What to work on
Could you retype the listing beneath, keeping each line exactly as it is?

Records provided
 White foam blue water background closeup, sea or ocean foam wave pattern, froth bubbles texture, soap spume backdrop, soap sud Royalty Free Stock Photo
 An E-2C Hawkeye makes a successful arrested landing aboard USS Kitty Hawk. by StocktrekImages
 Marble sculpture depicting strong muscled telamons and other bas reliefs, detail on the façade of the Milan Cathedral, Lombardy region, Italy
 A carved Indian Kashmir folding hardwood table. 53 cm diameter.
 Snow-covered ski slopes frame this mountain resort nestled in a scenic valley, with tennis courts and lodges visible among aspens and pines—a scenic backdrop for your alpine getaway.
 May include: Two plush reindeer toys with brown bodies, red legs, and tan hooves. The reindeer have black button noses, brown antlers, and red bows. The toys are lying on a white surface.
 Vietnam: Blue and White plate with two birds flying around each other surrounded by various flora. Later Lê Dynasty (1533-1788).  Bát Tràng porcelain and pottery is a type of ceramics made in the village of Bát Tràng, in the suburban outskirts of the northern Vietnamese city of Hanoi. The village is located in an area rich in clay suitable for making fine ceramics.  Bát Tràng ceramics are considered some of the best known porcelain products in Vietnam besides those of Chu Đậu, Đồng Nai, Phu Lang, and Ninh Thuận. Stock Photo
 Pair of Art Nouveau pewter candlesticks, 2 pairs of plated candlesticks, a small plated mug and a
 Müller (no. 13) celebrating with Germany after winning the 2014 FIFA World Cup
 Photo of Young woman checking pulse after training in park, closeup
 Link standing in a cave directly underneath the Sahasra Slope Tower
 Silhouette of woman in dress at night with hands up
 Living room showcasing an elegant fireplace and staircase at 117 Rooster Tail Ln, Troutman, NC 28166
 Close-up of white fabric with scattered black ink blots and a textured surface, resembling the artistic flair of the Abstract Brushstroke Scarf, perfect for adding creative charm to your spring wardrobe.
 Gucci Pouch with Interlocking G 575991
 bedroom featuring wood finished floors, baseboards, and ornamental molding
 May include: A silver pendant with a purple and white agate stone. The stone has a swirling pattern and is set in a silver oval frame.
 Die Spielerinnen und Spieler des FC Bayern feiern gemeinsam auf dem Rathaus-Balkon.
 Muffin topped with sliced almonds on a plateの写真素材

Response to the exercise
 White foam blue water background closeup, sea or ocean foam wave pattern, froth bubbles texture, soap spume backdrop, soap sud Royalty Free Stock Photo
 An E-2C Hawkeye makes a successful arrested landing aboard USS Kitty Hawk. by StocktrekImages
 Marble sculpture depicting strong muscled telamons and other bas reliefs, detail on the façade of the Milan Cathedral, Lombardy region, Italy
 A carved Indian Kashmir folding hardwood table. 53 cm diameter.
 Snow-covered ski slopes frame this mountain resort nestled in a scenic valley, with tennis courts and lodges visible among aspens and pines—a scenic backdrop for your alpine getaway.
 May include: Two plush reindeer toys with brown bodies, red legs, and tan hooves. The reindeer have black button noses, brown antlers, and red bows. The toys are lying on a white surface.
 Vietnam: Blue and White plate with two birds flying around each other surrounded by various flora. Later Lê Dynasty (1533-1788).  Bát Tràng porcelain and pottery is a type of ceramics made in the village of Bát Tràng, in the suburban outskirts of the northern Vietnamese city of Hanoi. The village is located in an area rich in clay suitable for making fine ceramics.  Bát Tràng ceramics are considered some of the best known porcelain products in Vietnam besides those of Chu Đậu, Đồng Nai, Phu Lang, and Ninh Thuận. Stock Photo
 Pair of Art Nouveau pewter candlesticks, 2 pairs of plated candlesticks, a small plated mug and a
 Müller (no. 13) celebrating with Germany after winning the 2014 FIFA World Cup
 Photo of Young woman checking pulse after training in park, closeup
 Link standing in a cave directly underneath the Sahasra Slope Tower
 Silhouette of woman in dress at night with hands up
 Living room showcasing an elegant fireplace and staircase at 117 Rooster Tail Ln, Troutman, NC 28166
 Close-up of white fabric with scattered black ink blots and a textured surface, resembling the artistic flair of the Abstract Brushstroke Scarf, perfect for adding creative charm to your spring wardrobe.
 Gucci Pouch with Interlocking G 575991
 bedroom featuring wood finished floors, baseboards, and ornamental molding
 May include: A silver pendant with a purple and white agate stone. The stone has a swirling pattern and is set in a silver oval frame.
 Die Spielerinnen und Spieler des FC Bayern feiern gemeinsam auf dem Rathaus-Balkon.
 Muffin topped with sliced almonds on a plateの写真素材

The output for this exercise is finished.